## WHAT IS EXPECTED:
Give the listing again in full and exactly, apart from its pictures.

## INFORMATION SHOWN:
Segment Open

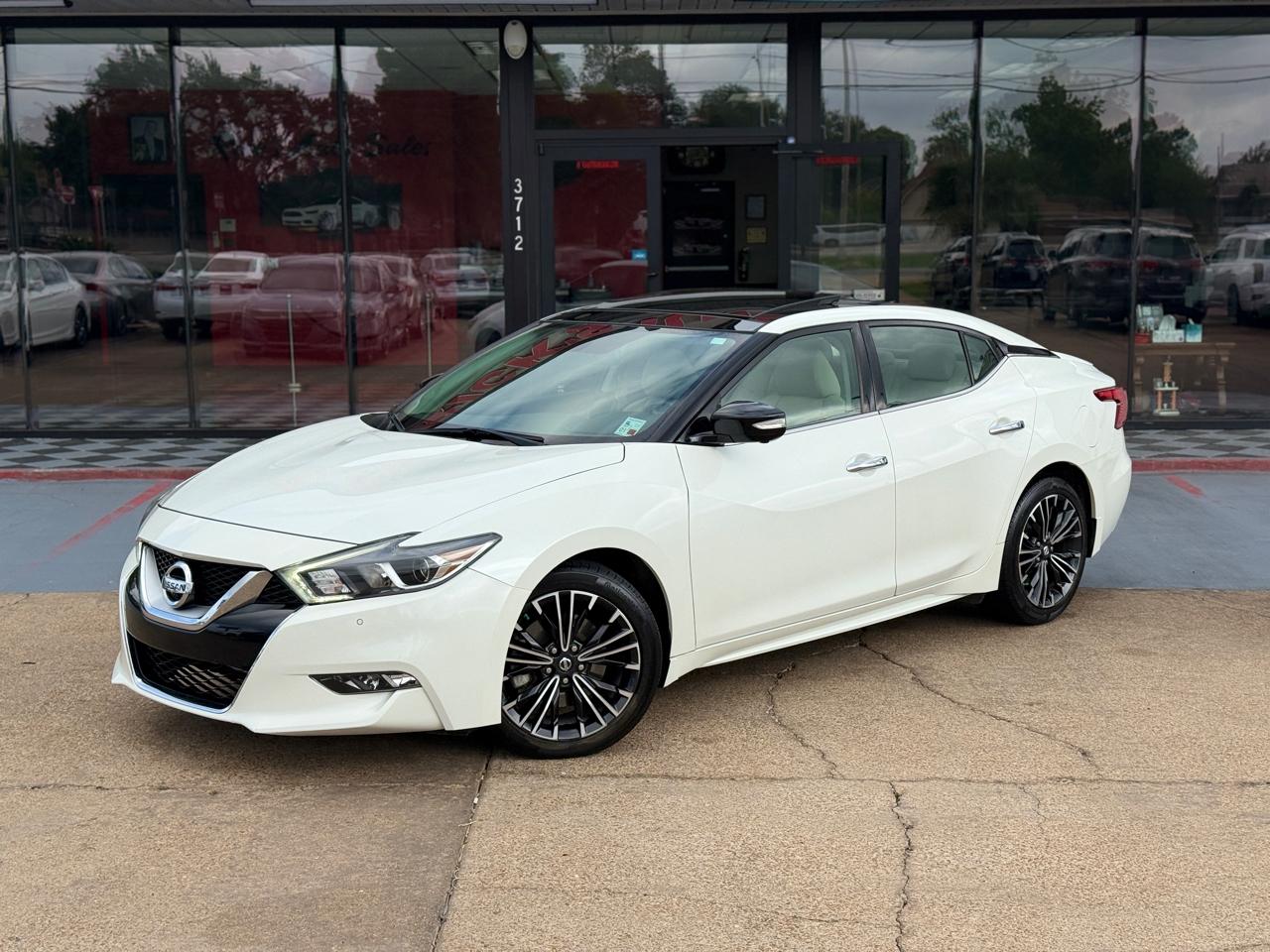 Nissan Maxima 3.5 S 2016
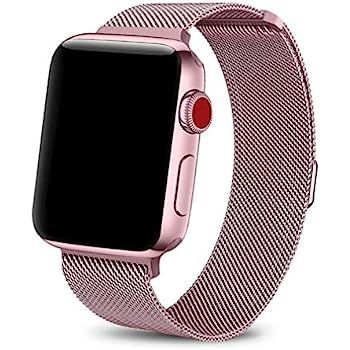 OROBAY Compatible with iWatch Band 38mm 40mm, Stainless Steel Milanese Loop with Magnetic Closure... | Amazon (US)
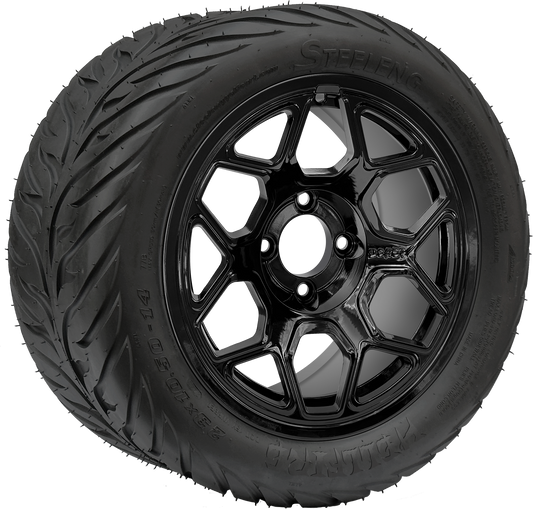 TR1406-WH1450 - 14 inch (BEAST) Yeti Blk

Segment Closed

## SOLUTION TO THIS PROBLEM:
 Nissan Maxima 3.5 S 2016
 OROBAY Compatible with iWatch Band 38mm 40mm, Stainless Steel Milanese Loop with Magnetic Closure... | Amazon (US)
 TR1406-WH1450 - 14 inch (BEAST) Yeti Blk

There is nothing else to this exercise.